ScanBytes is a tool and a lib for scanning files for occurrences of certain bytes fast.
It can be useful for example for creating an index of a CSV/TSV file or just a file with lines. Then a certain line/record can be quickly fetched by its index.
- Multithreading brings performance benefits when data fits in disk caches.
- 2 generic backends, one is JIT-ed one, another one is not-JITed.
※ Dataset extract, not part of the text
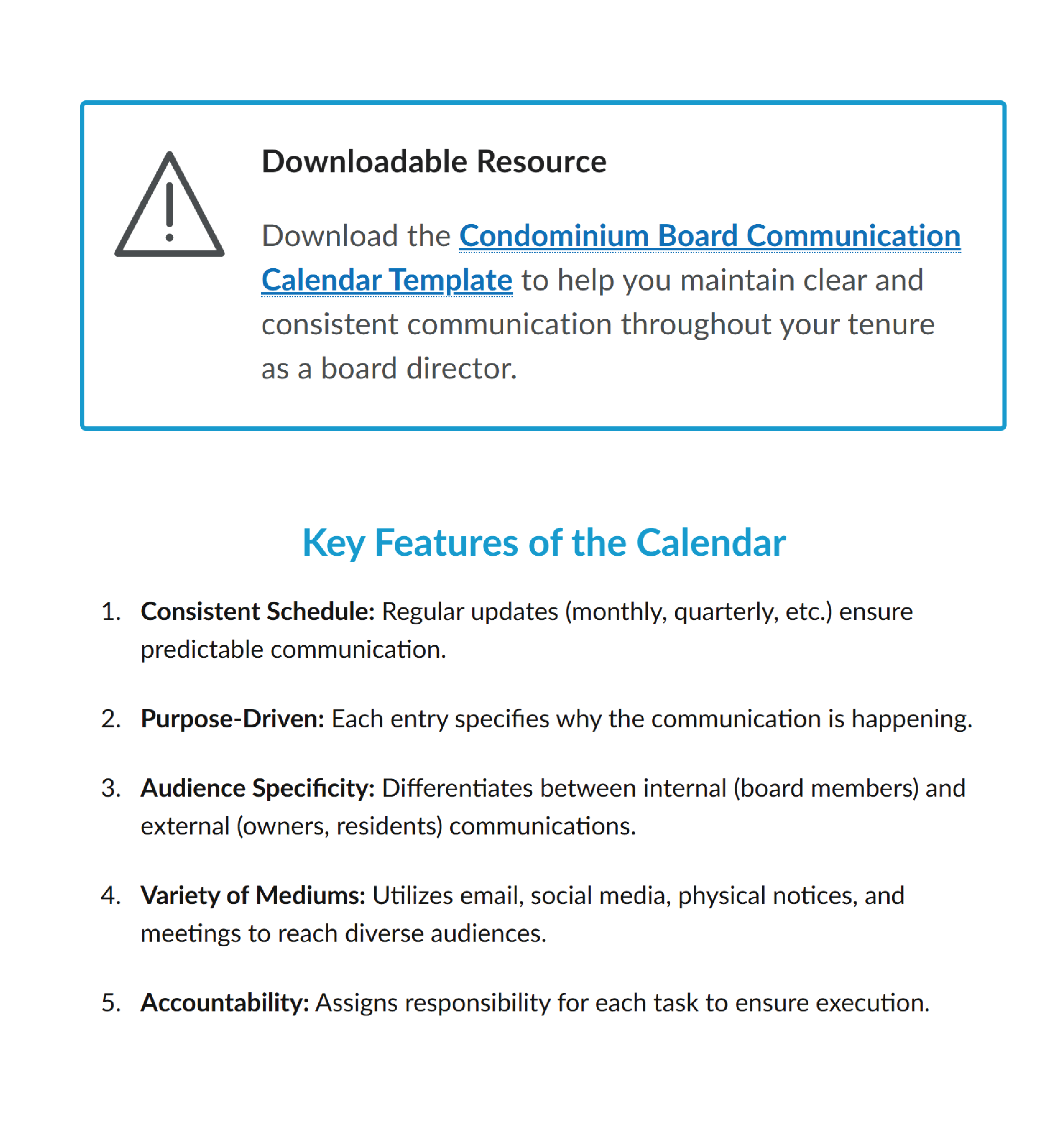A downloadable resource titled Condominium Board Communication Calendar Template. Under the downloadable resource is a list of key features of the calendar.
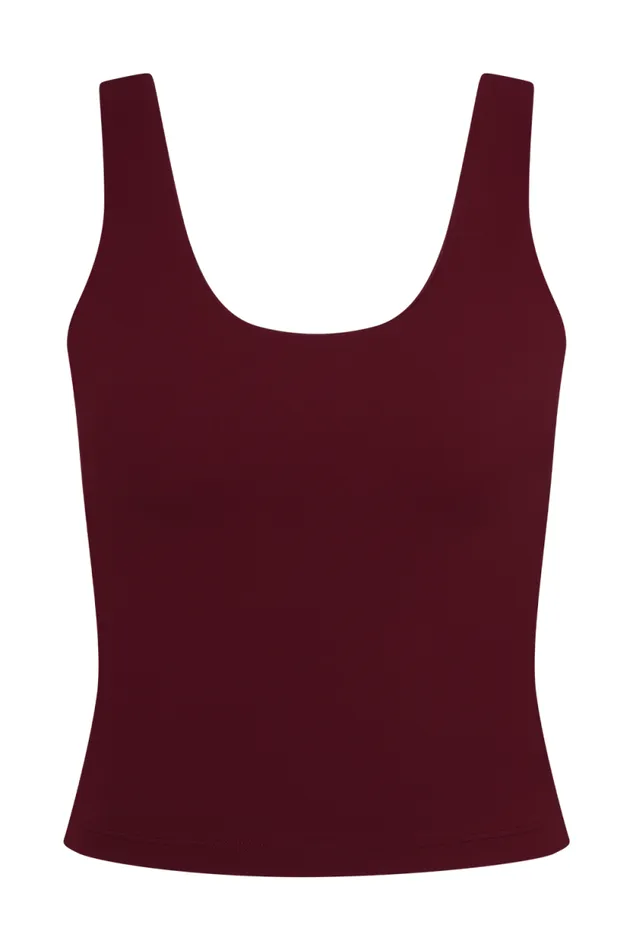 Women Meshki Tops Alexandra Yoga Top 8211 Burgundy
Obviously, JIT is supported only on certain platforms, currently only x86_64.
- Specialized hardcoded backend for scanning certain common cases:
- lines in a file
- TSV
- CSV
- Automatic dispatching between backends.
- Built-in benchmark.
echo "The quick brown fox jumps over the lazy dog" > fox.txt
# 0123456789ABCDEF0123456789ABCDEF01234567
ScanBytes --alphabet " fh" s fox.txt | hd
00000000 01 00 00 00 00 00 00 00 03 00 00 00 00 00 00 00 |................|
00000010 09 00 00 00 00 00 00 00 0f 00 00 00 00 00 00 00 |................|
00000020 10 00 00 00 00 00 00 00 13 00 00 00 00 00 00 00 |................|
00000030 19 00 00 00 00 00 00 00 1e 00 00 00 00 00 00 00 |................|
00000040 20 00 00 00 00 00 00 00 22 00 00 00 00 00 00 00 | .......".......|
00000050 27 00 00 00 00 00 00 00 |'.......|
00000058
As you see, there is a lot of redundancy in the output. It can be compressed by encoding it into a proper data structure, but it is currently notimplemented in C++.
Packaging with CPack is implemented, you can generate an installable package for Debian and RPM-based distros. All the dependencies are assummed to be installed the same way.